Once, when I was a kid, I asked my mom on Mothers’ Day why there wasn’t a Kids’ Day. Without missing a beat, she replied, “Kids’ Day is 364 days a year.”
Funny how moms are usually right.
Mothers’ Day is a strange holiday in so many ways.
Flippantly, I think, “Yes. I lost my life as I knew it, my body as I knew it, my career, and, for a while, my mind. Yet this one mass-marketed holiday a year will surely make up for all that.”
I chose to become a mother, though. I feel like I shouldn’t complain. Today, I am thinking about the mothers who didn’t choose motherhood, the mothers who didn’t live to see motherhood, the mothers who are waiting for their children who will not come home or will never be born. The mothers who pour their lives and love into other people’s children, longing for their own.

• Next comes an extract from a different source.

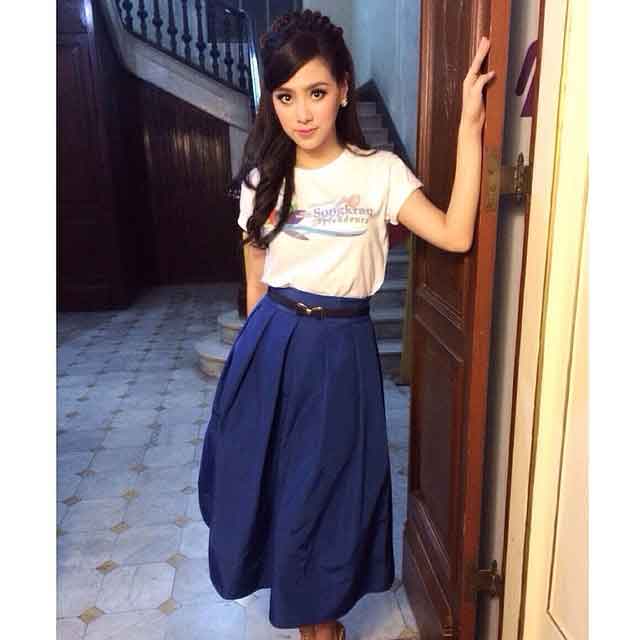 ใบเฟิร์น พิมพ์ชนก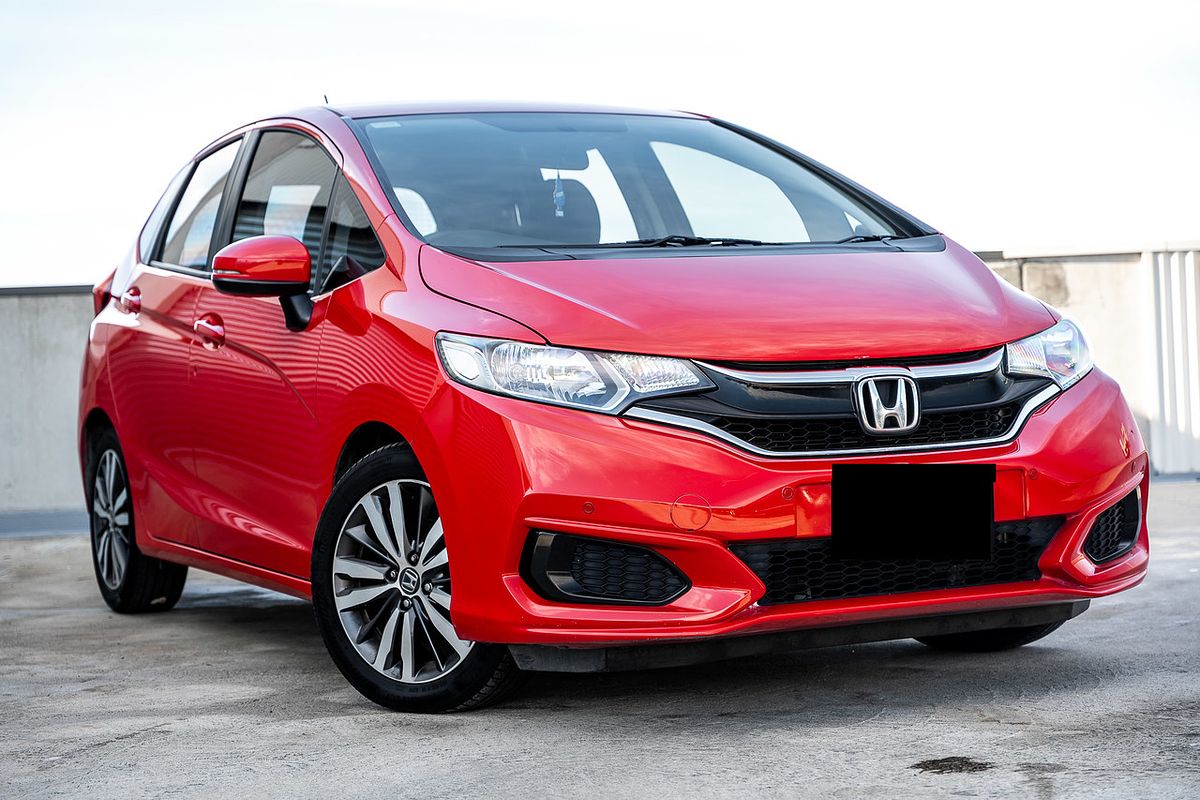 2018 Honda Jazz VTi GF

I am gathering the moments of this day into my heart like jewels. Breakfast in bed, served on a cookie tray. Two excited little boys bearing gifts: spice tea made in kindergarten; a picture consisting of a used sheet of printer paper with three cardboard glitter Christmas trees and a palm tree glued on it (“Look, Mama, it’s big, little, big, middle-sized!”); two shiny bead necklaces on neon green lanyard; a something-or-other made from a tiny straw hat, a styrofoam ball, and a pipe cleaner (“Look Mama, it’s a little man on a…on a….it’s a little man….”). Lots of hugs, some sweet and some NFL-style. Touseled little heads and runny noses. My mother, my nana, my mother-in-law. Choking up at the restaurant and fleeing to the bathroom when I think of the picture of my Gram that my aunt posted on Facebook this morning.
There is a hole in my heart and it is the shape of her smile.
I look across the room. There is a woman I know. She lost a son. I want to rush over to her and tell her that I am so, so sorry, that I can’t imagine what it feels like but that I am loving her so hard right now and that I can guess at the shape of the hole in her heart. I don’t rush over, though, because I know that if someone rushed over to me with a heart full of sorrow and love in this moment, I would dissolve into a blubbering heap on the buffet table. She might not want that, either.
I look at my nana. Her hands are older. A little bit of me crumbles. I look at my boys. I wonder what kind of divine leap of faith brought them to me. I think of friends who have lost themselves to motherhood, slipped like living ghosts from their own lives to haunt the edges of their children’s. I think of friends who feel the ache of empty arms. I think of friends whose mothers were not worth the name, and I just want this whole day to be over.
I am having trouble seeing the screen through my tears. This day is too full. My heart is too full. I am floating in a swirl of images, memories, and emotions.
Moms and children of moms, wherever you are, I am loving you so hard in this moment. I am holding you in my heart.